EXERCISE ->
Repeat the span of the entries below that starts at the line with "Hey kids, today" and ends at the line with "Hey y'all, welcome", nothing more. Skip the pictures.

SOURCE DATA ->
..........

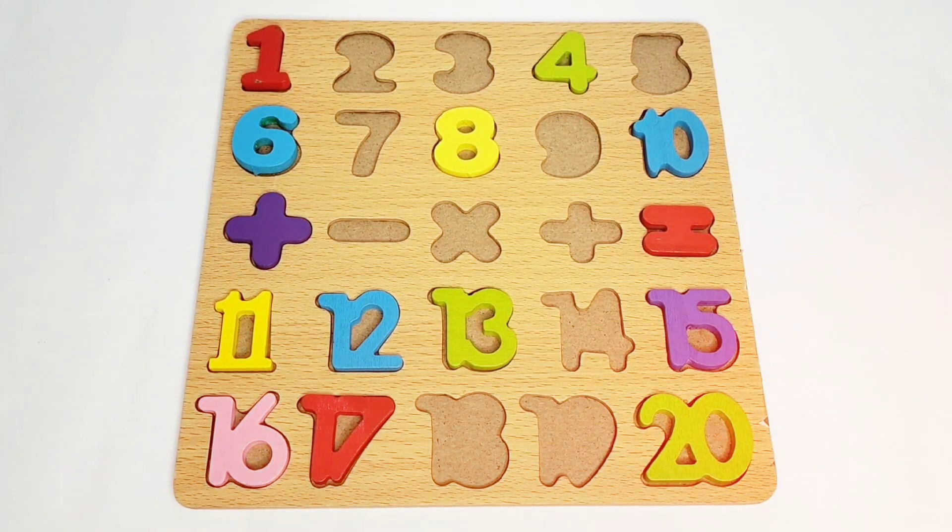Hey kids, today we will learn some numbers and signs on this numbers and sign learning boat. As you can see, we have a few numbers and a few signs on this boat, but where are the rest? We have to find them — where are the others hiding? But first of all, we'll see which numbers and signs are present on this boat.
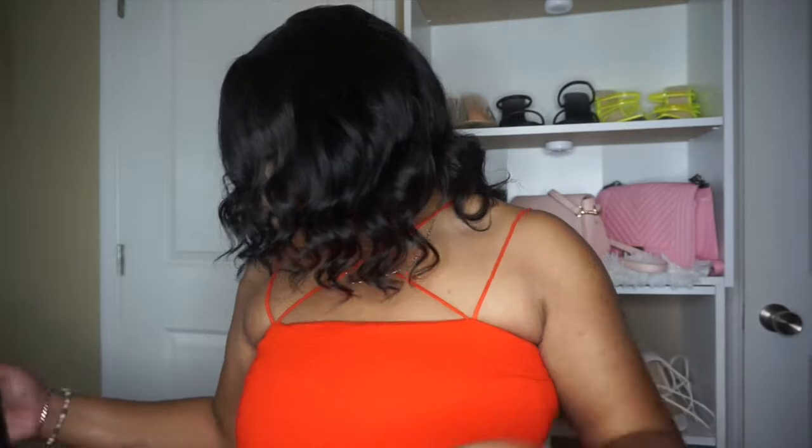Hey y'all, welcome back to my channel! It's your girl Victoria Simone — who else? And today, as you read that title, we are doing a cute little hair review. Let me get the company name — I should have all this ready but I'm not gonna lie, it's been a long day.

..........

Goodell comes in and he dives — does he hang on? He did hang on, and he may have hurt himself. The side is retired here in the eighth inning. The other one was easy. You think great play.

..........

THE COMPLETED TASK ->
Hey kids, today we will learn some numbers and signs on this numbers and sign learning boat. As you can see, we have a few numbers and a few signs on this boat, but where are the rest? We have to find them — where are the others hiding? But first of all, we'll see which numbers and signs are present on this boat.
Hey y'all, welcome back to my channel! It's your girl Victoria Simone — who else? And today, as you read that title, we are doing a cute little hair review. Let me get the company name — I should have all this ready but I'm not gonna lie, it's been a long day.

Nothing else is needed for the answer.